§ **WHAT THE TASK ASKS**
Give the data again exactly as written, skipping any pictures.

§ **PROVIDED INFORMATION**

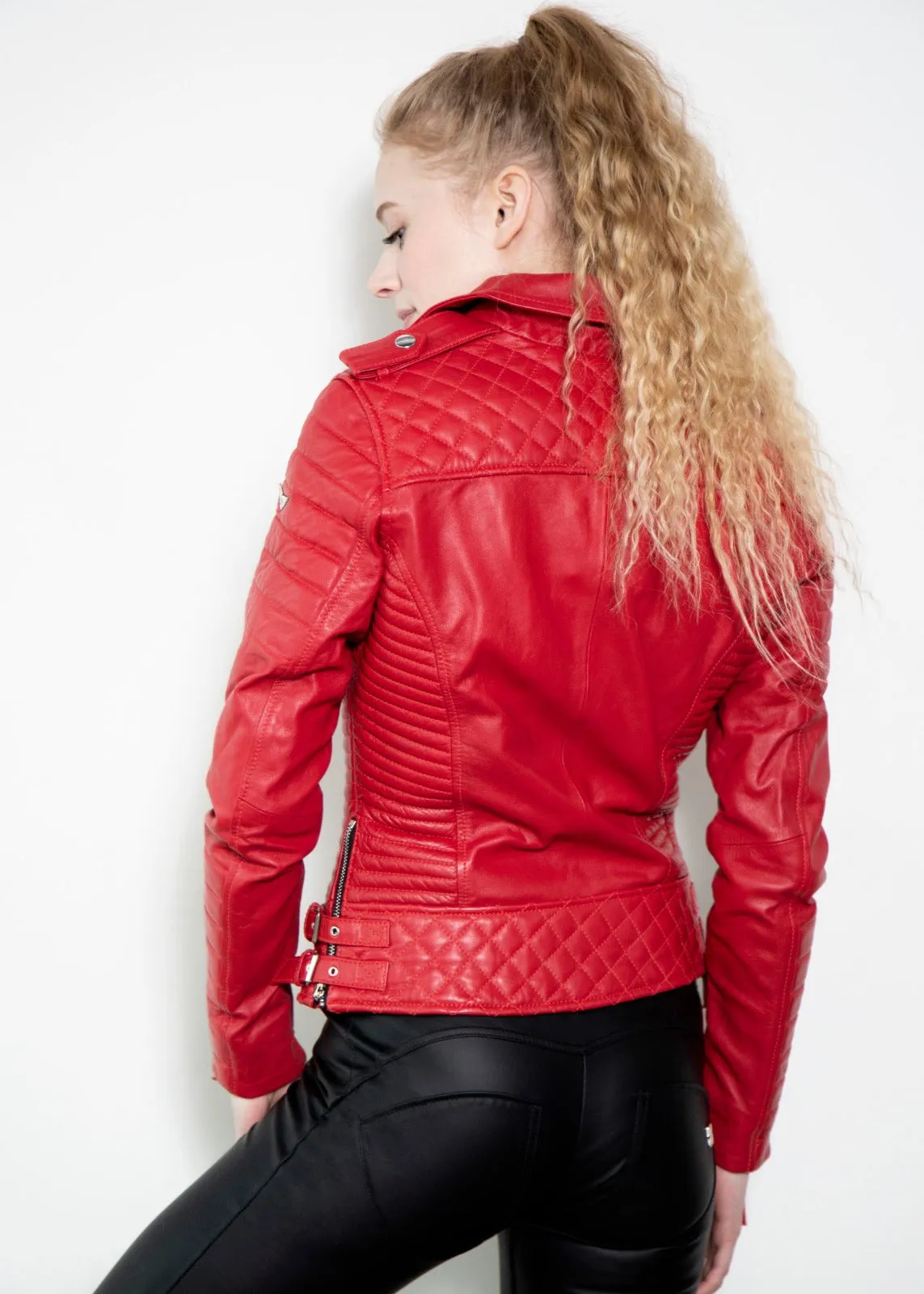 Buy Womens Quilted Leather Motorcycle Jacket Red | LucaJackets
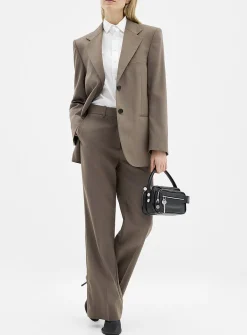 Straight-leg wool blend pant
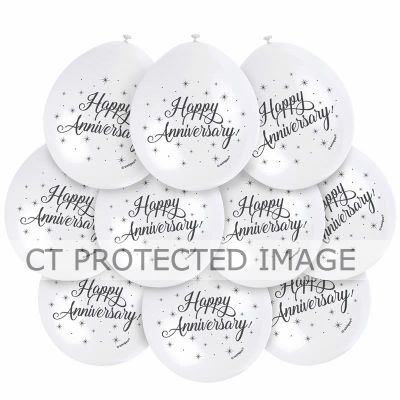  9 Inch Happy Anniversary Balloons (pack quantity 10) 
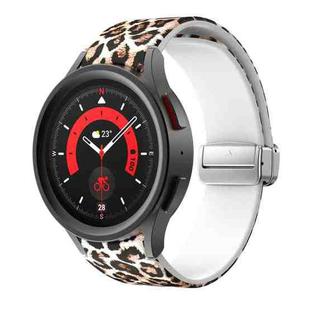 For Samsung Galaxy Watch5 Magnetic Printed Silicone Watch Band(Brown Leopard)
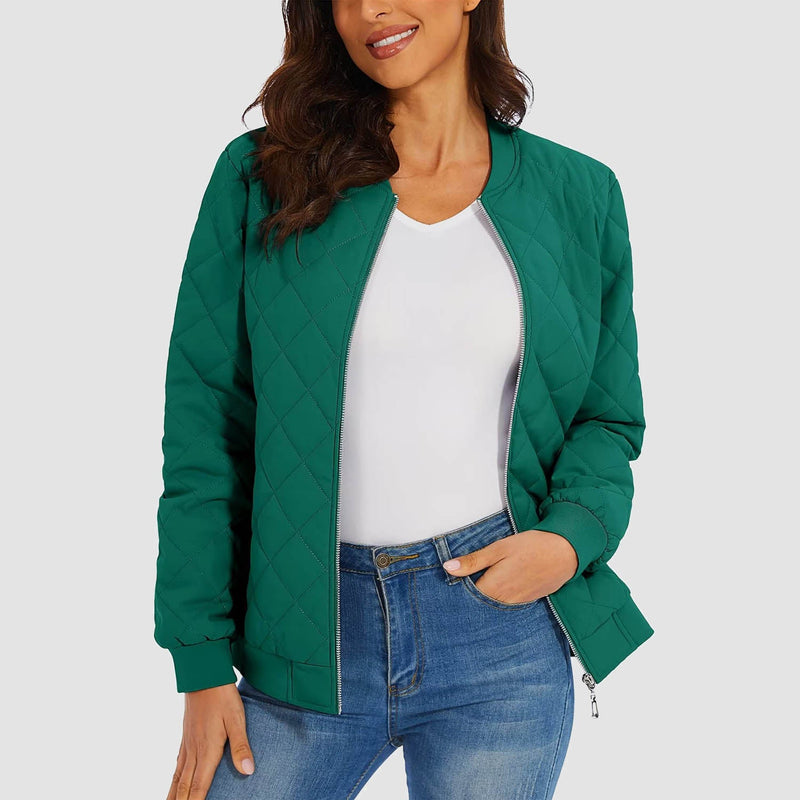 Women's Quilted Bomber Jacket with 2 Zip Pockets 9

§ **ANSWER FOR THE TASK**
 Buy Womens Quilted Leather Motorcycle Jacket Red | LucaJackets
 Straight-leg wool blend pant
  9 Inch Happy Anniversary Balloons (pack quantity 10) 
 For Samsung Galaxy Watch5 Magnetic Printed Silicone Watch Band(Brown Leopard)
 Women's Quilted Bomber Jacket with 2 Zip Pockets 9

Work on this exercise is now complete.